Yes that was by me, before I started to work on this feature. I think
we can backpatch that change(assuming we don't backpatch this
feature), I will make the request accordingly.

Anyways, now we don't allow line_buf allocation for binary files,
which is also a good thing.

>
> > > > For the case where required nbytes may not fit into the buffer in
> > > > CopyReadFromRawBuf, I'm sure this can happen only for field data,
> > > > (field count , and field size are of fixed length and can fit in the
> > > > buffer), instead of reading them in parts of buff size into the buffer
> > > > (using CopyLoadRawBuf) and then DRAIN_COPY_RAW_BUF() to the
> > > > destination, I think we can detect this condition using requested
> > > > bytes and the buffer size and directly read from the file to the
> > > > destination buffer and then reload the raw_buffer for further
> > > > processing.
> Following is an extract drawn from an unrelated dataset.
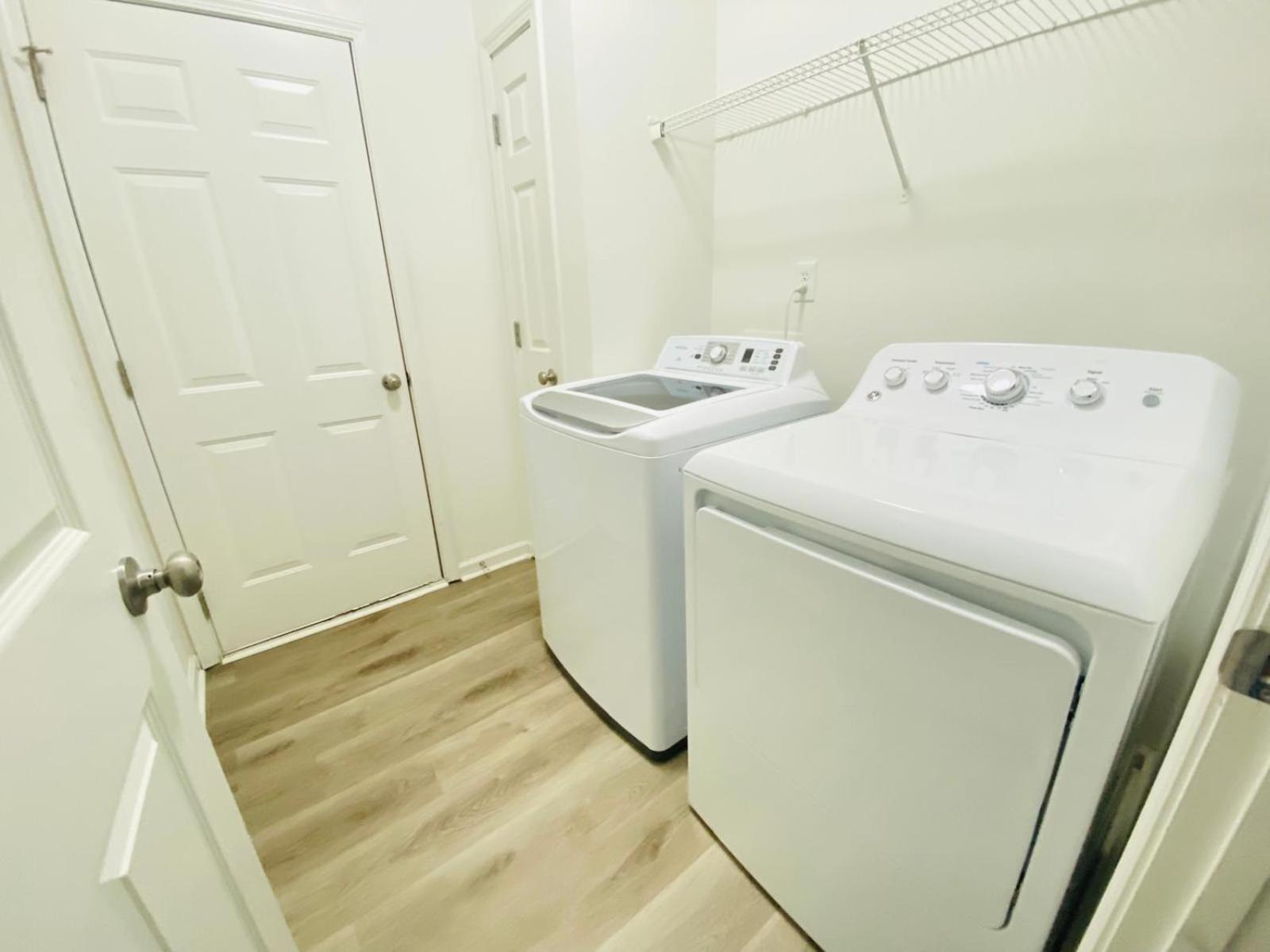 Private Room & Bathroom Close To Downtown Raleigh Eksteriør bilde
I think this way, it will be good.
> > >
> > > Hmm, I'm afraid that this will make the code more complex for
> > > apparently small benefit.  Is this really that much of a problem
> > > performance wise?
> > >
> >
> > Yes it makes CopyReadFromRawBuf(), code a bit complex from a
> > readability perspective. I'm convinced not to have the
> > abovementioned(by me) change, due to 3 reasons,1)  the
> > readability/understandability 2)  how many use cases can we have where
> > requested field size greater than RAW_BUF_SIZE(64KB)? I think very few
> > cases. I may be wrong here. 3) Performance wise it may not be much as
> > we do one extra memcpy only in situations where field sizes are
> > greater than 64KB(as we have already seen and observed by you as well
> > in one of the response [1]) that memcpy cost for this case may be
> > negligible.
>
> Actually, an extra memcpy is incurred on every call of
> CopyReadFromRawBuf(), but I haven't seen it to be very problematic.
>

Yes.

>
> CopyReadFromRawBuf as a name for the new function might be misleading
> as long as we are only using it for binary data.  Maybe
> CopyReadBinaryData is more appropriate?  See attached v4 with these
> and a few other cosmetic changes.
>

CopyReadBinaryData() looks meaningful. +1.

With Regards,
Bharath Rupireddy.
EnterpriseDB: http://www.enterprisedb.com

Re: [PATCH] Performance Improvement For Copy From Binary Files

От

Amit Langote

Дата:

13 июля 2020 г., 10:34:46

On Mon, Jul 13, 2020 at 12:17 PM Bharath Rupireddy
<bharath.rupireddyforpostgres@gmail.com> wrote:
> > CopyReadFromRawBuf as a name for the new function might be misleading
> > as long as we are only using it for binary data.  Maybe
> > CopyReadBinaryData is more appropriate?  See attached v4 with these
> > and a few other cosmetic changes.
> >
>
> CopyReadBinaryData() looks meaningful. +1.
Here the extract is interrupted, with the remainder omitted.